I have never really been able to swim. I do have a badge declaring my ability to thrash out one width of a very small pool without dying, and even feel some (misplaced) pride in this achievement. But I’ve never really enjoyed it or relaxed into it.

This was never much of an issue growing up. My only swimming options were the school pool, more chlorine than water, and the sludgy brown oh-so-cold sea of Barry beach, which we’d dare each other to wade into. It was when I went travelling and sat on the shore trying not to sulk as others ducked and dived and clowned around in warm, clear blue water… that was when it occurred to me that I might be missing out. When I tried to join in half-heartedly, to splash around in the shallows, I realised that this went beyond incompetence: being in the water scared me.

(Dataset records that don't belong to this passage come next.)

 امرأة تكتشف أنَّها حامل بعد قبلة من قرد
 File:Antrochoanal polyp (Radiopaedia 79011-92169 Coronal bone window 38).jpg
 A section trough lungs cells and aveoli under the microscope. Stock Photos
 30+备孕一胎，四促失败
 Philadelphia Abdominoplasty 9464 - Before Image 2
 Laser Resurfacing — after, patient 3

And so it was that I found myself on the bus home one evening last year, breathing deeply and holding back tears at the thought of the ordeal before me: my first swimming lesson in thirteen years. I still vividly remember what that meant in school: forty girls in one tiny pool, the non-swimmers herded down one end out of harm’s way and dreading the ‘race’ at the end of the lesson, invariably won by the team that didn’t end up with me. Terrified the whole time, I struggled against the water in rigid panic, and went nowhere.

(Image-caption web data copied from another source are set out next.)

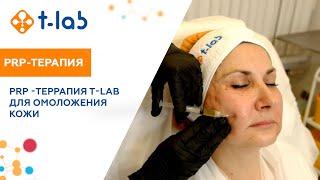 PRP-терапия T-LAB для омоложения кожи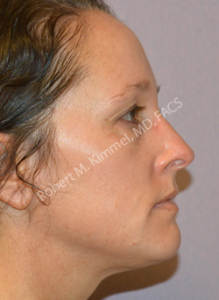 Thermage CPT® Patient 99327 Photo 1
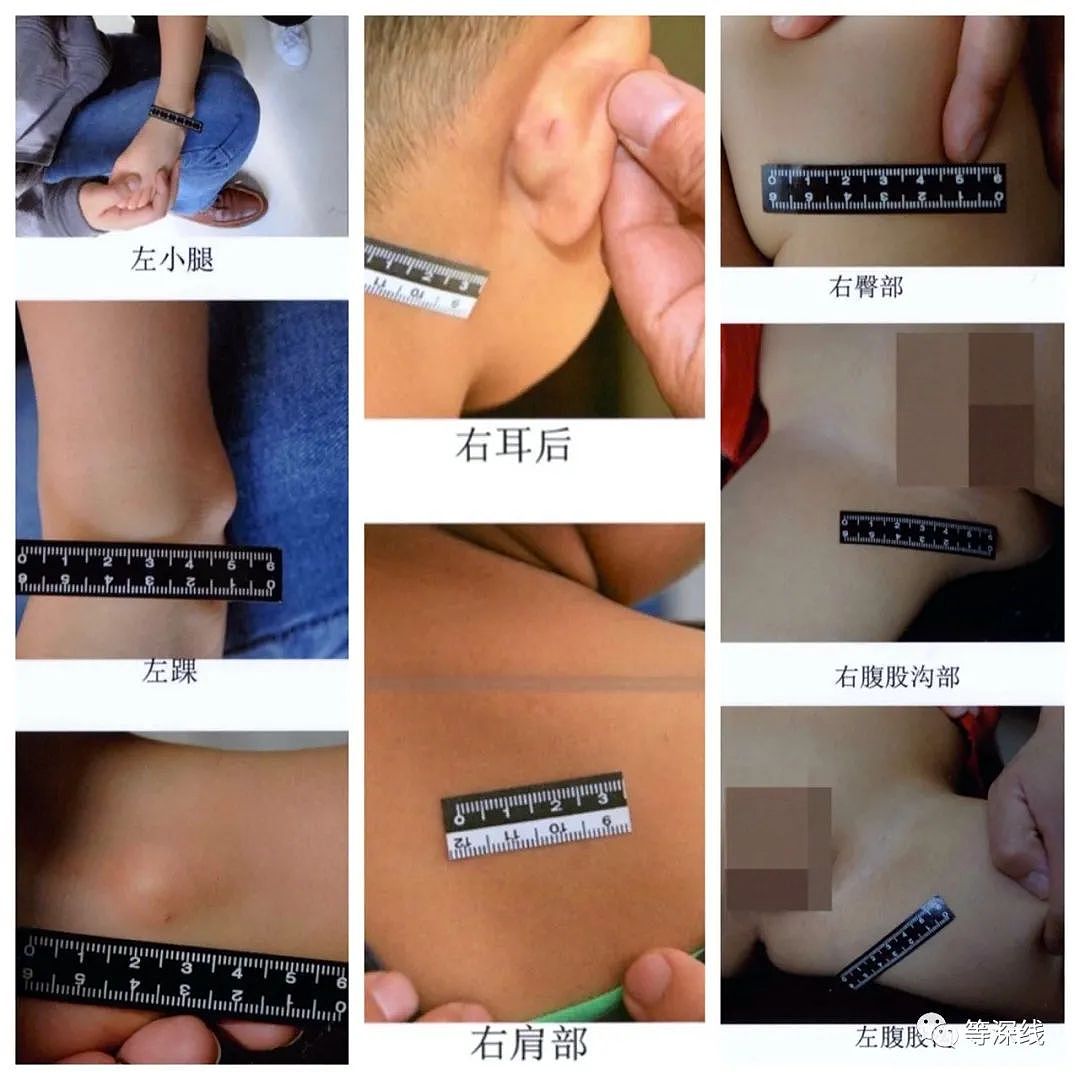 天津37名儿童被针扎虐待：老师用大头针图钉扎，还说“挺管用（组图） - 1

I can see all this now because I’ve seen a little of how it should be. I’m still pretty far from being able to swim, but I can at least see that I am supposed to relax, to float and glide and above all to enjoy, not to kick and thrash and hyperventilate. There are rare moments where I get it, and achieve more by trying less. Who knows, perhaps I’ll discover my hidden, laid-back consciousness? Om…

Just being able to enjoy the water would do, mind.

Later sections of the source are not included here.